A House committee advanced the measure earlier this week, amending a different version that passed the Senate earlier this year.
Rep. John Maher, R-Upper St. Clair, chairs the House Environmental Resources and Energy Committee, which approved the bill on a near-party-line vote with Republicans in favor.
He said the measure is necessary to adequately punish people who commit crimes that affect the greater community, like cutting a fiber optic line that provides Internet and phone service.
He said the new charges would fall between two extremes.
“Having a petty trespassing or terrorism charge as the only two options seems to be leaving our prosecutors a bit scratching their heads, and I just think it’s important that they have the tools they need,” he said.
The amendments adopted by the committee scrapped some language that critics feared would hinder protesters’ First Amendment rights.
Maher said the new version excludes charging protesters who simply enter a property with the tougher sanctions.
“Plenty of times, people enter without intent to do harm,” he said.
Rep.
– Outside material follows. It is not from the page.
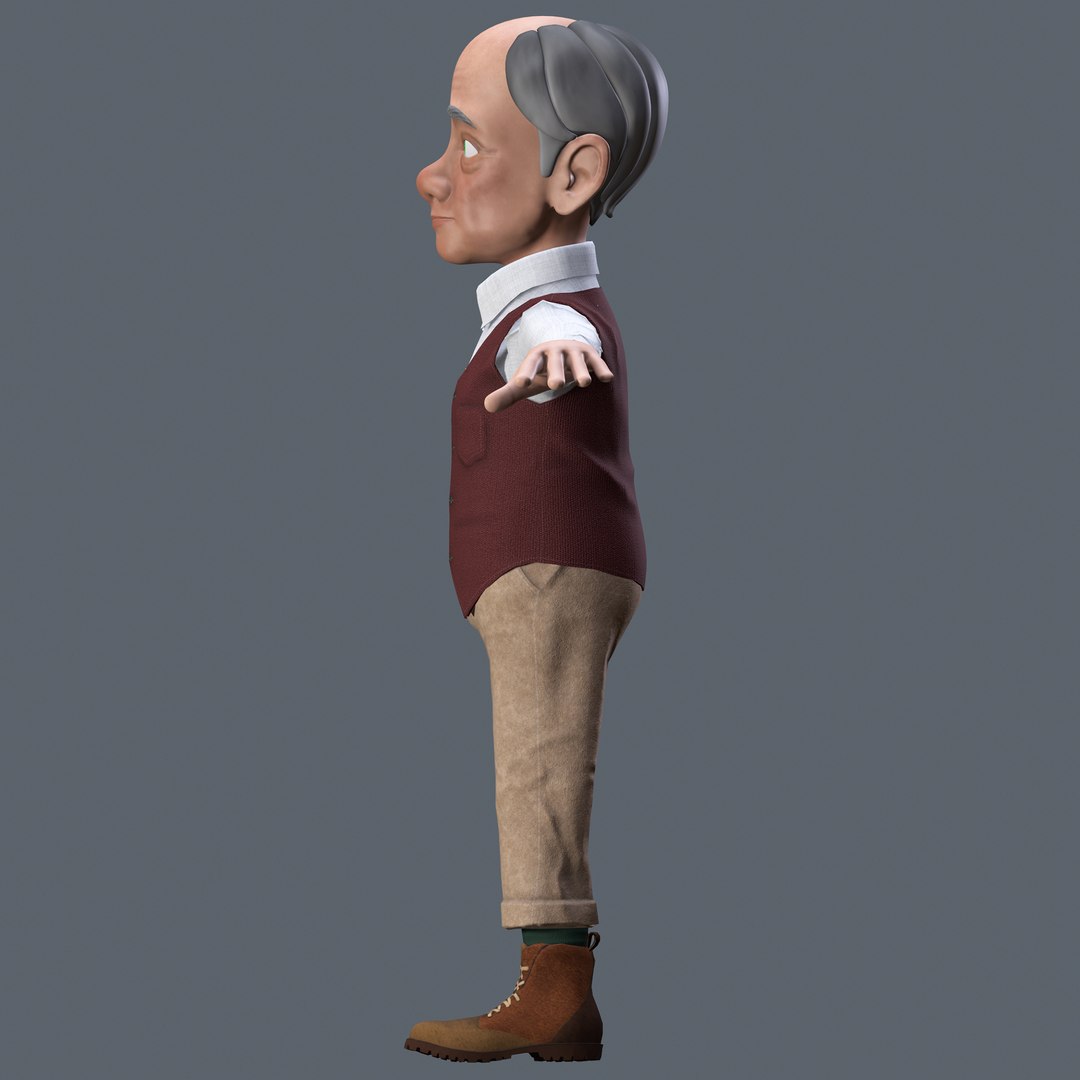 3D model Cartoon Old man GrandPa with Rig https://p.turbosquid.com/ts-thumb/6o/r4PKYM/ln/preview3/jpg/1664848839/1920x1080/fit_q87/e03949d204faf24d38e90a5e07c2065b3bd33c22/preview3.jpg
Mike Carroll of Avoca, the Democratic chair of the committee, said the amendments are an improvement, but he still has concerns.
“When you get to misdemeanors of the first degree and felonies, we should be very, very careful that we don’t impose such onerous penalties on folks,” he said. “It’s just patently unfair to open the door to a felony conviction or serious misdemeanors unless they’re warranted.”
Environmentalists and the American Civil Liberties Union have spoken out against the proposal.
Elizabeth Randol, legislative director of the ACLU of Pennsylvania, said people who damage such facilities can already be charged for several different types of vandalism, and this bill would allow prosecutors to pile on additional charges.
She also took issue with another part of the measure.
“Someone could be required to pay up to three times the amount of the damage that was actually done under restitution,” she said. “That is not allowed for any other victim of any other crime.”
The legislative and political director for the Sierra Club’s Pennsylvania chapter, Jen Quinn, pointed to what she considers problematic language that would charge a person who “defaces” or “inhibits the operations of” a critical infrastructure facility.
“Is hanging a sign defacement?” she asked. “Or, inhibiting or impeding the normal operations of a facility — what is the definition of that? Sitting and delaying something for a few minutes?”
The measure identifies 21 types of critical infrastructure facilities that would pertain to the proposed charges, including water intake structures, chemical manufacturing facilities and liquid natural gas terminals.